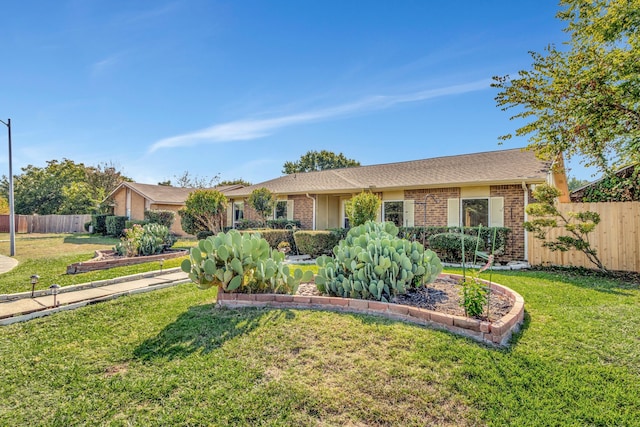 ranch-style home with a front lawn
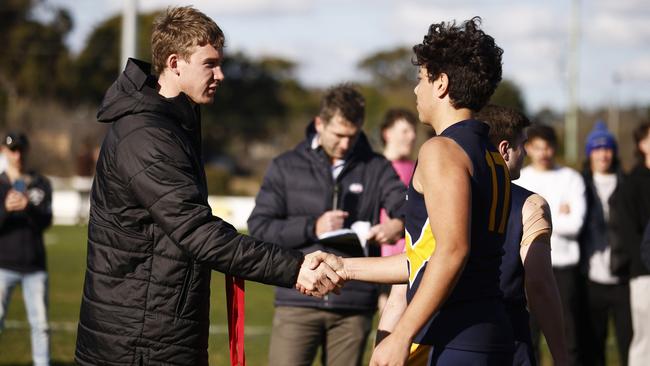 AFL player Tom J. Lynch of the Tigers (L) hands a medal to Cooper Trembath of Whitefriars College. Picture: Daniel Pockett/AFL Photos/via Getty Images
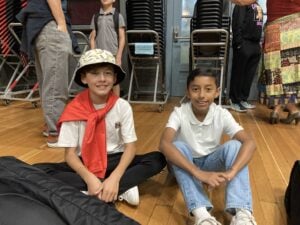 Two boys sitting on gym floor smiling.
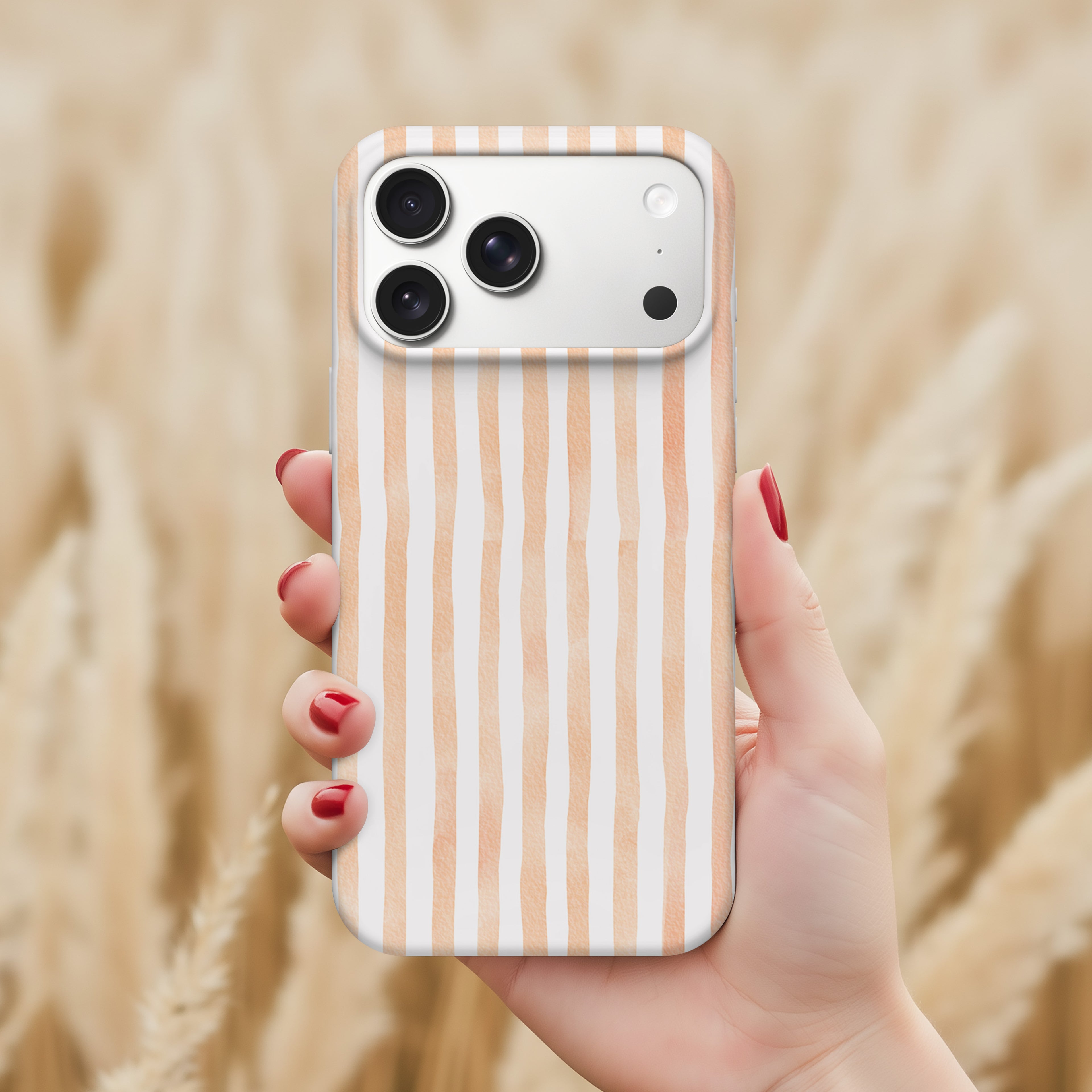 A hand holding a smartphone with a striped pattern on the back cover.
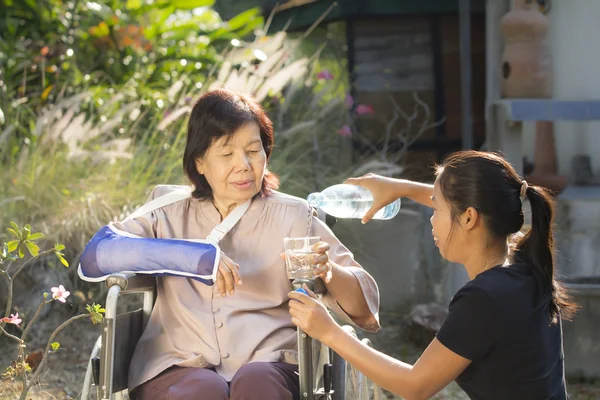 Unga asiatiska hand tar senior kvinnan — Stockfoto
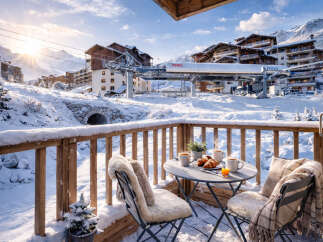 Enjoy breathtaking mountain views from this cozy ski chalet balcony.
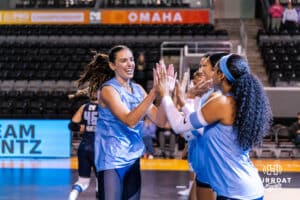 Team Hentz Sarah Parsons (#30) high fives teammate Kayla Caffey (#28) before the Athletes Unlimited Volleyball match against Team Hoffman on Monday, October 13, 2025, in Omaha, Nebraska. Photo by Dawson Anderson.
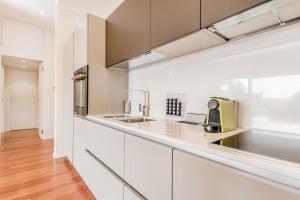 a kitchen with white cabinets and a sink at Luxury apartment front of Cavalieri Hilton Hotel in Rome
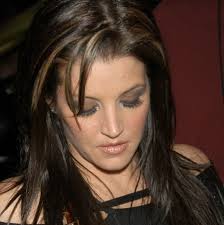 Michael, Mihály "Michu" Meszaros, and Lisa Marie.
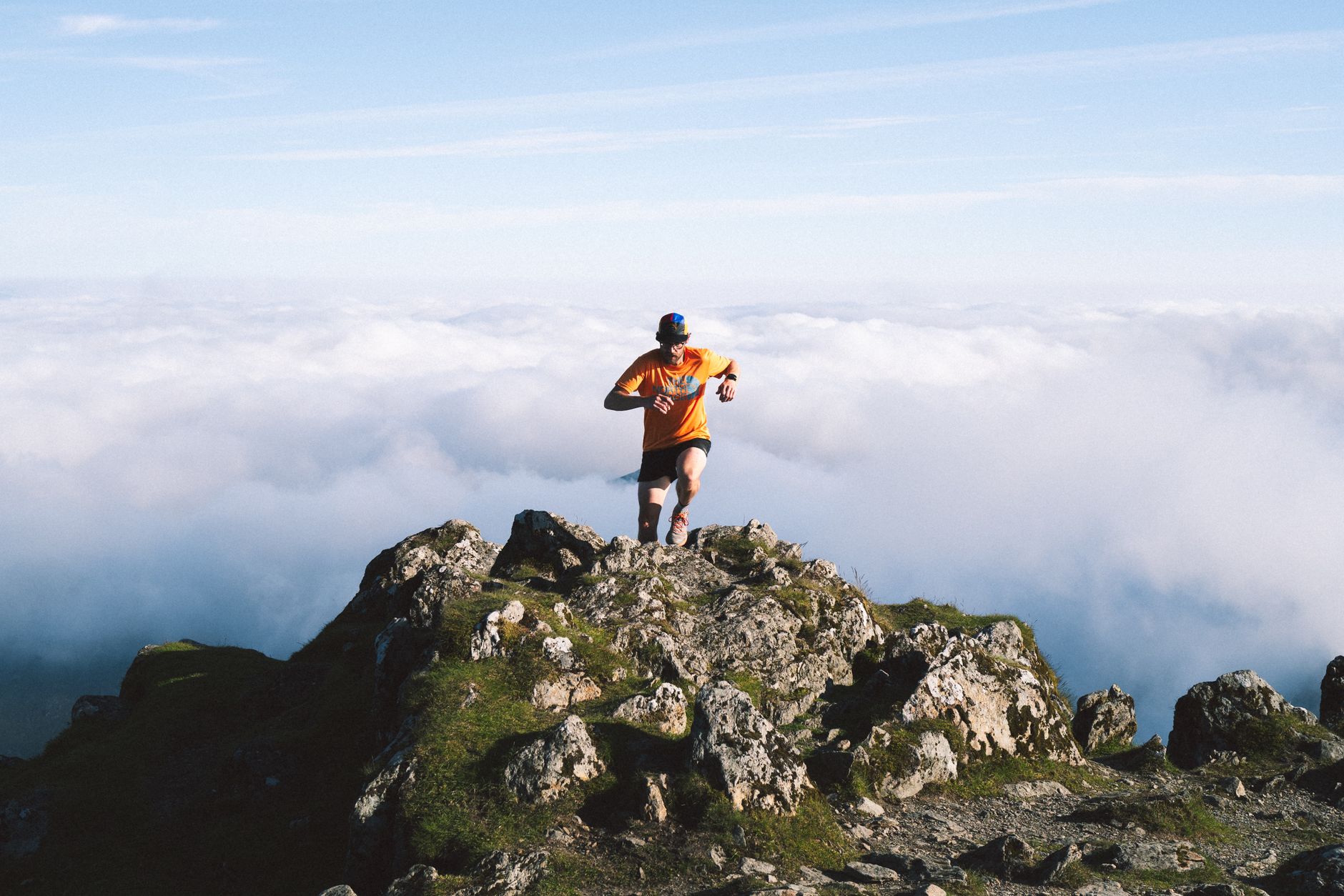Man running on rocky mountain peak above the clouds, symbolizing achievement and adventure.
* * *
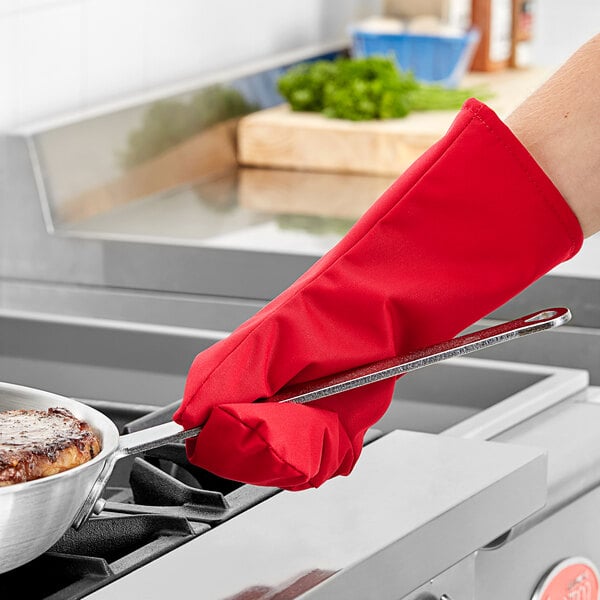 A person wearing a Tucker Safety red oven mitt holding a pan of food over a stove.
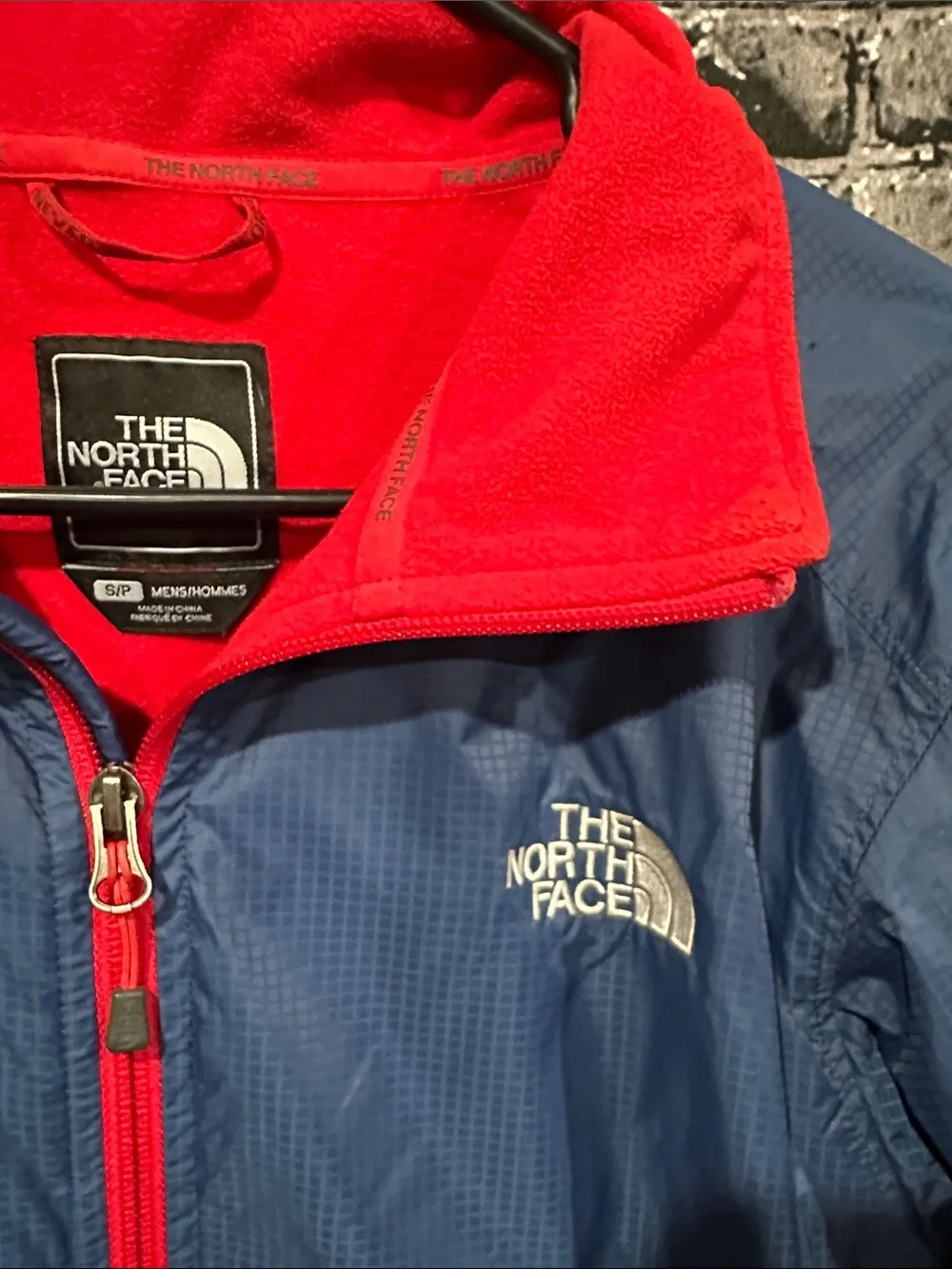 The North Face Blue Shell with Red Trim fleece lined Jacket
...
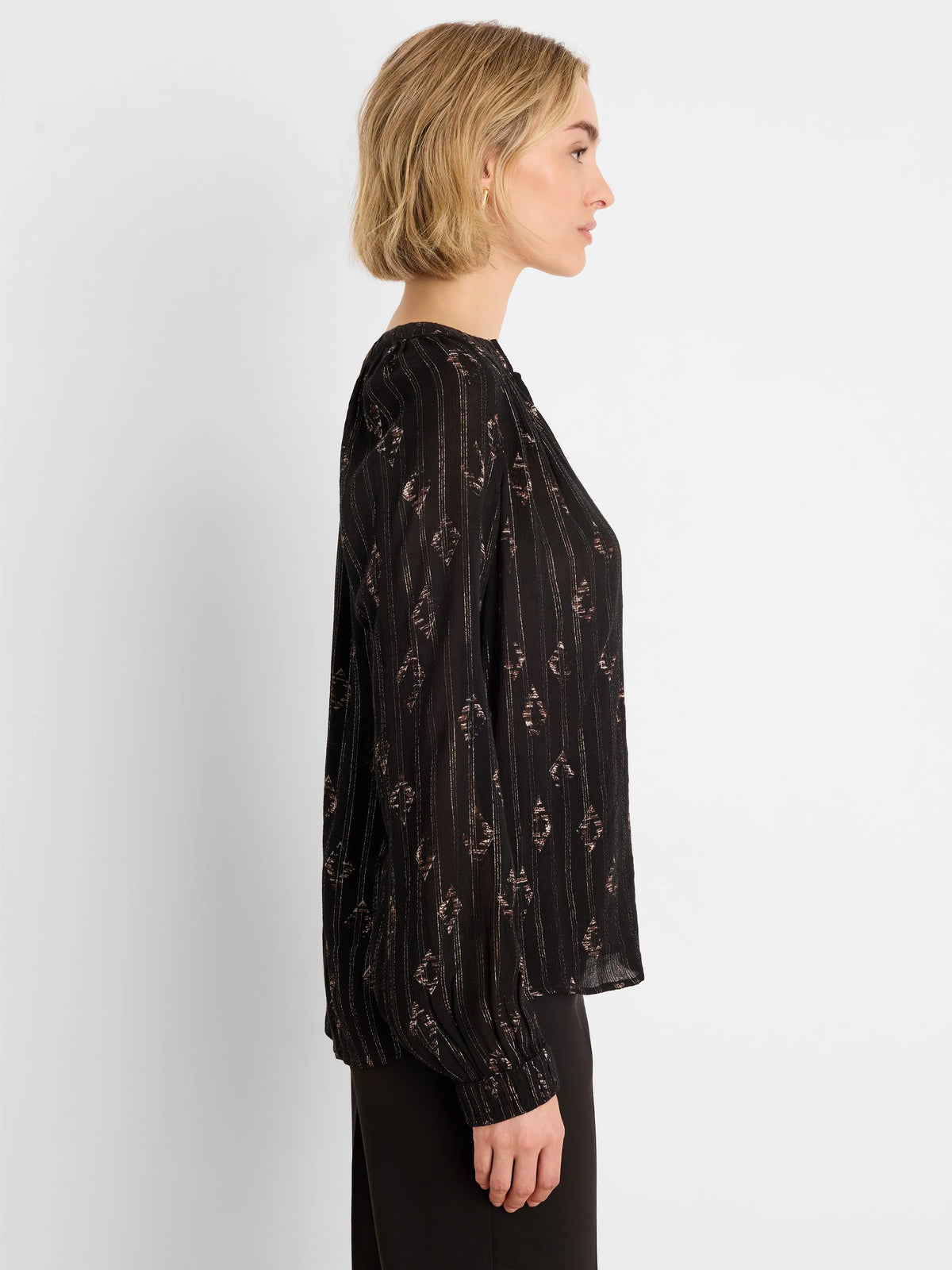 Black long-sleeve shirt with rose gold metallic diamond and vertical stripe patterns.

*Instructions to follow*:
Look above for the line with "Enjoy breathtaking mountain" and the line with "Man running on", then restate exactly those two lines and all lines between them, with no pictures.

*Exercise answer*:
 Enjoy breathtaking mountain views from this cozy ski chalet balcony.
 Team Hentz Sarah Parsons (#30) high fives teammate Kayla Caffey (#28) before the Athletes Unlimited Volleyball match against Team Hoffman on Monday, October 13, 2025, in Omaha, Nebraska. Photo by Dawson Anderson.
 a kitchen with white cabinets and a sink at Luxury apartment front of Cavalieri Hilton Hotel in Rome
 Michael, Mihály "Michu" Meszaros, and Lisa Marie.
Man running on rocky mountain peak above the clouds, symbolizing achievement and adventure.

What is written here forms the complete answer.